Adam Griffith

No. 99
- Position: Placekicker

Personal information
- Born: 1993 (age 32–33) Poland
- Listed height: 5 ft 10 in (1.78 m)
- Listed weight: 191 lb (87 kg)

Career information
- High school: Calhoun High School
- College: Alabama (2012–2016);

Awards and highlights
- CFP national champion (2015); Second-team All-SEC (2015);
- Stats at ESPN

= Adam Griffith (American football) =

Polish-born American football player (born 1993)
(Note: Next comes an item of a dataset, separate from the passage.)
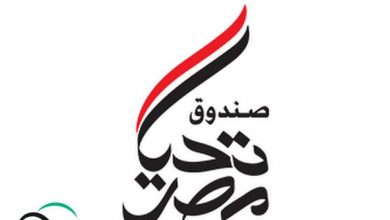 صندوق تحيا مصر- صورة أرشيفية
Adam Griffith (born Andrzej Dębowski, 1993) is a former American football placekicker for the University of Alabama Crimson Tide. He played college football at Alabama, helping his team earn two National Championships and four SEC Championships. He was inducted into the Calhoun High School hall of fame.

==College career==
At Alabama, he was the all-time leader for extra point kicks with 186. He is fifth all-time with 57 field goals.

===2013 season===
On November 30, 2013, Griffith's kick to win the Iron Bowl came up short from 57 yards out, allowing Auburn returner Chris Davis to bring the kick back 109 yards for the game winning touchdown, later becoming known as the Kick Six.

===2014 season===
On November 8, 2014, Griffith hit a game-tying field goal against LSU on the last play of the 4th quarter. Alabama won in overtime 20–13.

===2015 season===
On November 7, 2015, Griffith made a career-long 55-yard field goal against LSU. On November 28, 2015, Griffith made five field goals against Auburn in a 29–13 win. On January 11, 2016, Griffith perfectly placed an onside kick in the National Championship game against Clemson helping the Crimson Tide achieve a 45–40 victory.

==Personal life==
Griffith was born Andrzej Dębowski and he grew up in an orphanage in Poland. When he was 13 he was adopted and moved to Georgia. He was adopted by two teachers, Tom and Michelle Griffith. He was one of seven children in the Dębowski family. The substance abuse issues of his parents forced the Polish courts to take all of the children away.